Package discovery - experimental tools in rosindex, and request for experiences

I’ve been working on upgrades to rosindex recently, which I view as the primary tool in the ROS ecosystem for package discovery. I’d like to solicit comments here on some proposed features to help package discovery, as well as get any general comments on what would help package discovery in ROS.

My development rosindex build, which is many commits ahead of the official version, has in addition to major changes in package search, two new fields aimed at package discovery: relative download counts for each package, and whether the package is “core” (which I define as required by desktop_full). You can see the package search page here.
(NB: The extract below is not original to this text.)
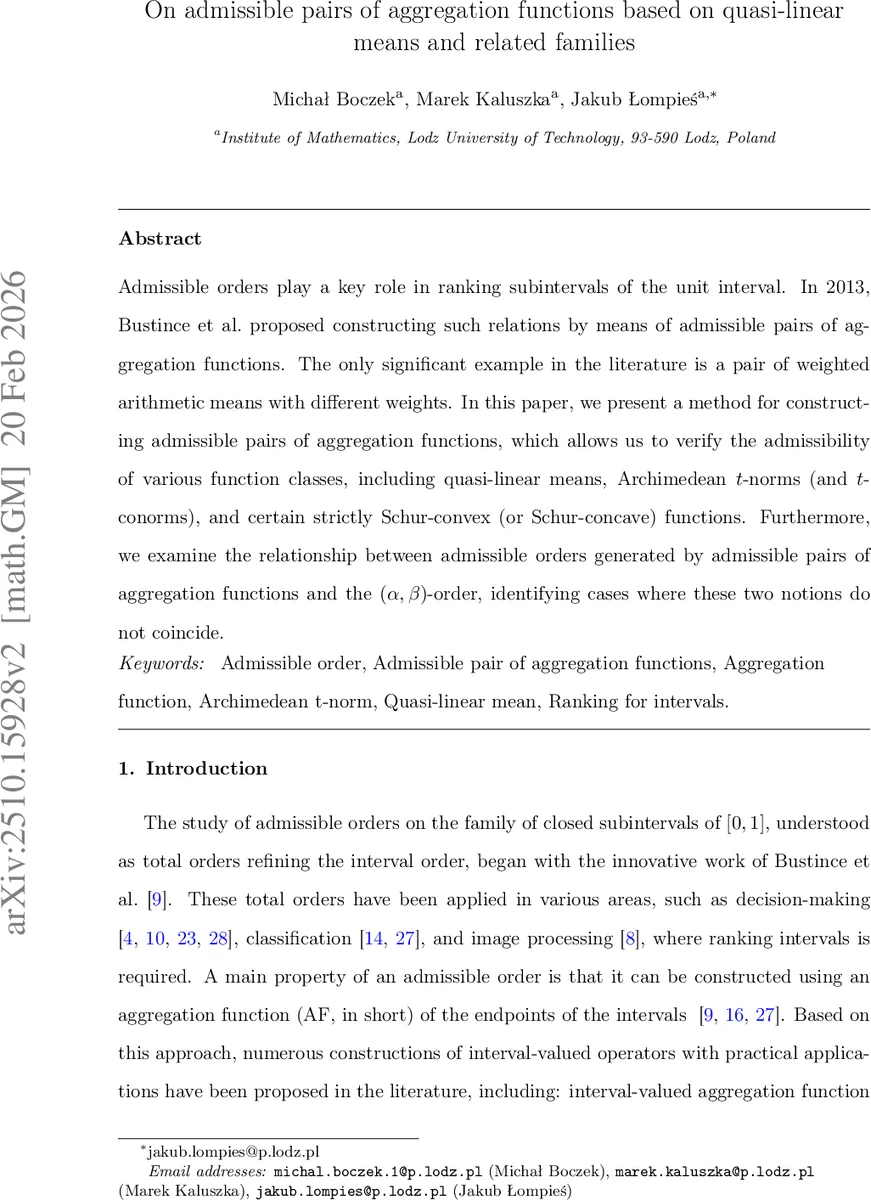 On admissible pairs of aggregation functions based on quasi-linear means and related families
You can sort packages by download count by clicking on the down arrow ↓. Whether a package is core or not is shown by the target ⊙. You can exclude core packages by entering core:false in the search bar.
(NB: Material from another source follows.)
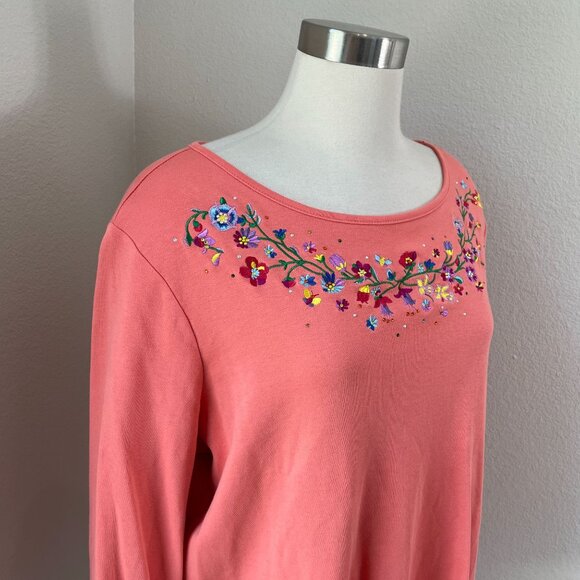 Quacker Factory Womens Plus 1X Embroidered Floral Top Coral 3/4 Sleeve Shirt - Picture 2 of 11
Any comments on whether this is useful, or suggestions on how it might be improved? I included the “core” column and filter because I tend to find that download counts are normally dominated by core packages, which I don’t need to see if I am trying to find an interesting undiscovered package.
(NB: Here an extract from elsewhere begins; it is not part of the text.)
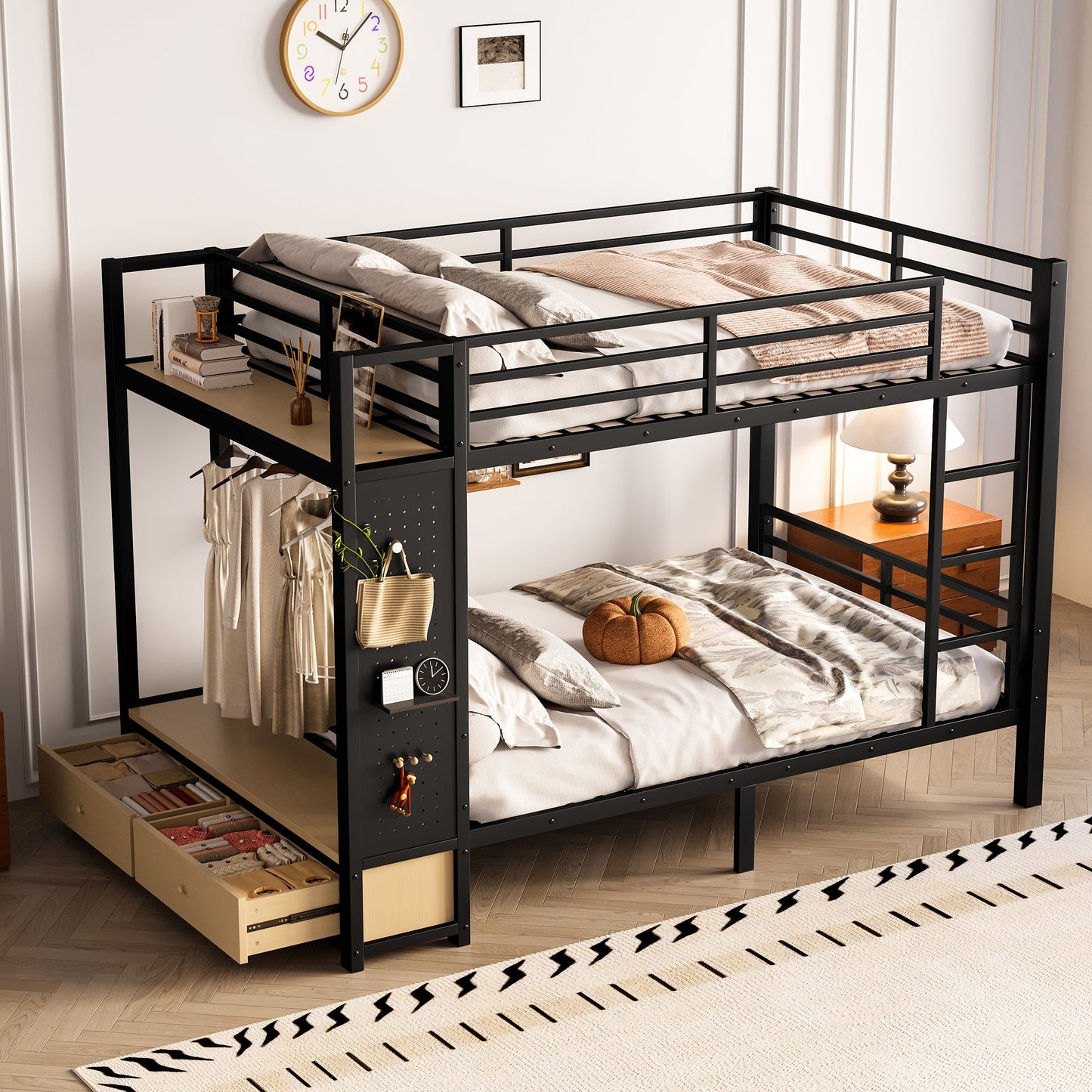 Full Over Full Size Metal Bunk Bed for Teens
I’d also like to hear any general comments on package discovery, such as existing useful tools for this, or what would make it easier.

9 Likes

Wow, this looks really interesting. I like the idea of core/non-core packages.

1 Like

A good list of packages that are frequently used in some way is REP 2005. It’s overdue for being updated, but this (and the updated version, when it comes) are a good reference point. We could add a machine-readable version of this when we revise it to make use cases such as yours easier.

2 Likes

Wow, this looks fantastic! ROS Index is well overdue for a facelift. I think the core / non-core distinction is helpful. It might also be helpful to filter out packages that are exclusively message definitions.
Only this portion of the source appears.